G. The Crux Of The Matter
If on a snowy day you find a dead cat in your garden, you cannot just cover it with snow and consider the problem solved. The snow will melt and the problem will be worse. Sorry for the image but if you have a problem in your home country, you won’t necessarily solve it by running overseas. You will come back one day and the problem could be worse. Going overseas is not a panacea for personal problems. Wherever you go, reality is there. You can’t escape it. Some of the people who need to hear this are my compatriots. Running overseas is now like a national sport, a mystery for a country that rich and that big.
Visiting a country as a tourist and working there are obviously two different things. Looking with the eyes of a tourist at a country where you want to work is unwise. The reality of expatriate life cannot be grasped from a tour bus or the colorful literature of the tourist industry. Life overseas is not exactly a bed of roses. It does come with challenges that need to be faced with a cool head.
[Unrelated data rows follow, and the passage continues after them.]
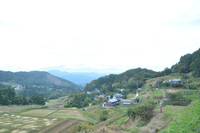 ①　42.195km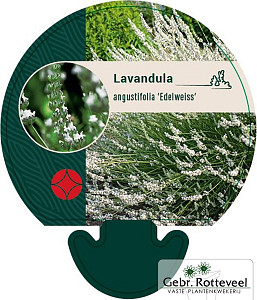 Lavandula ang. 'Edelweiss'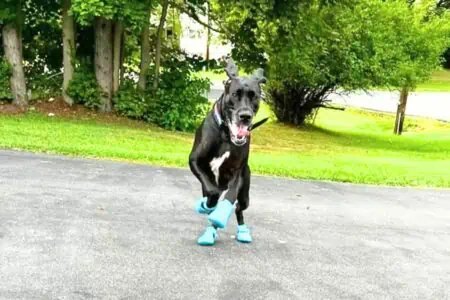 Hündin mit besonderer Vorliebe- Darum geht diese Deutsche Dogge nicht mehr ohne Crocs aus dem Haus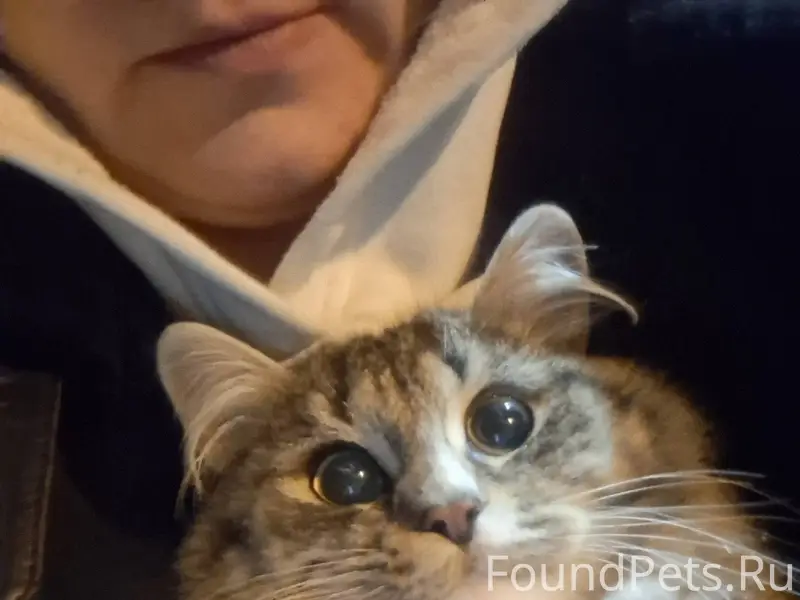 Найдена кошка в Казани, Конста...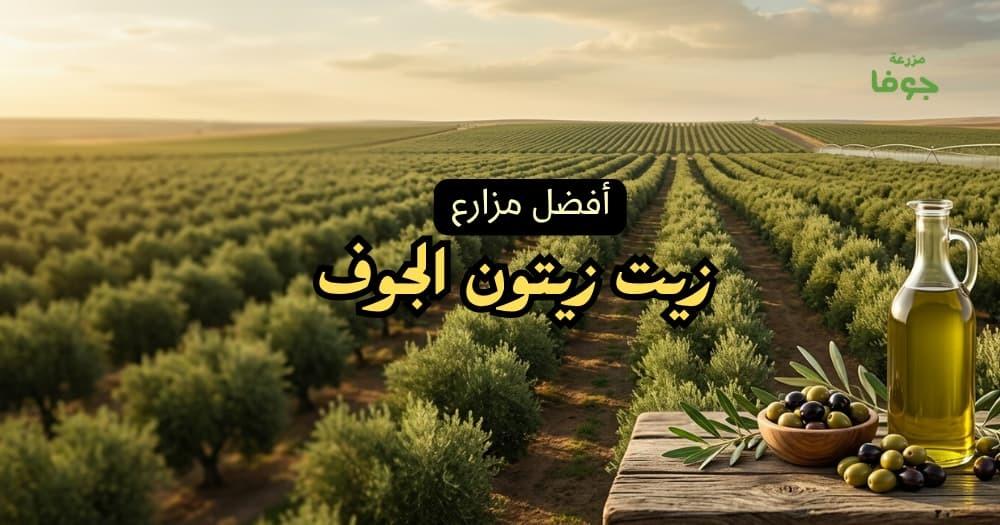 أفضل مزارع زيت زيتون الجوف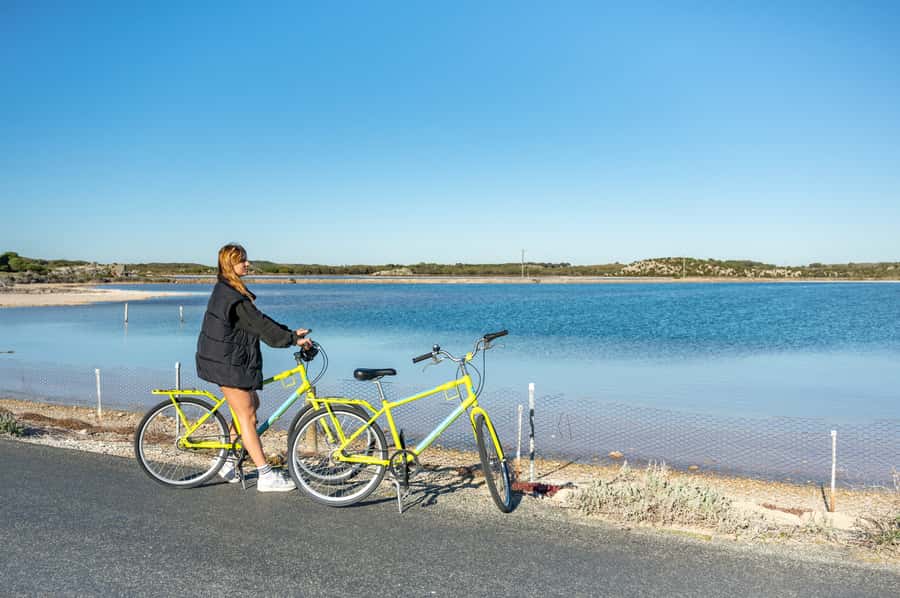 From Perth: Rottnest Island Full-Day Bike and Ferry Trip - Why this Rottnest day trip works so well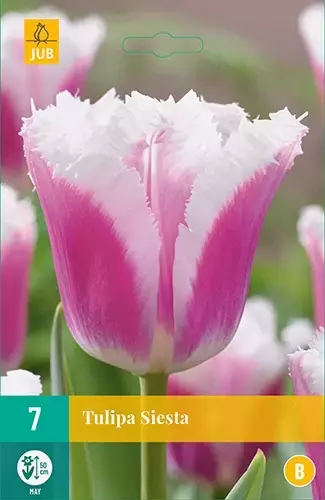 X 7 Tulipa Siesta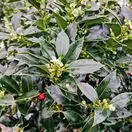 Ilex aquifolium Alaska lollipop 90cm stem 50cm head foliage close up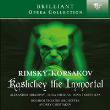 Rimsky-Korsakov: Kashchei the Immortal. Autor: Alexander Arkhipov, Irina Zhurina, Nina Terentieva, Bolshoi Theatre Orchestra. Dadada.pl Okładka książki Rimsky-Korsakov: Kashchei the Immortal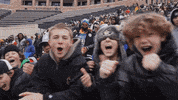 University Of Colorado Sko Buffs GIF by CUBoulder
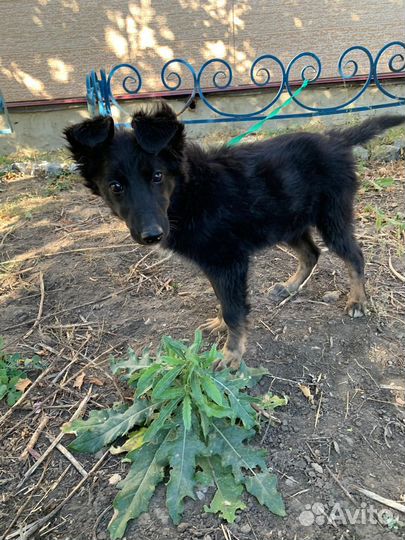 Щенок девочка 4 мес. Похожа на немецкую овчарку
Once you start living overseas, you are pretty much on your own. Your relatives are not there to provide immediate assistance in case of trouble. You cannot afford losing your job, your health or your reputation. Friendship with other expatriates is important but not often strong enough to deal with serious problems that might occur. You have to be vigilant especially with the kind of problems that go unnoticed. Something like bone decalcification followed by a bad fall might end up your overseas dream abruptly. Traffic accidents and alcoholism remain a serious problem but we mostly hear about the occasional kidnappings. Traffic accidents and alcoholism remain a serious problem but we mostly hear about the occasional kidnappings.

H. Bucket List
Strange as it may seem, being far away from my native Algeria allowed me to see it better. While living there, I was too close to focus. Having been to Sub-Saharan Africa, the Far East and the West helped me look at it with different eyes. Now, I appreciate better what it has and notice more what it lacks. It is unfortunate that with today’s perspective I cannot travel back in time and throw a bucket of fresh common sense on my past illusions to correct their subsequent blunders that still haunt me to this very day.

Life can only be understood backwards; but it must be lived forwards.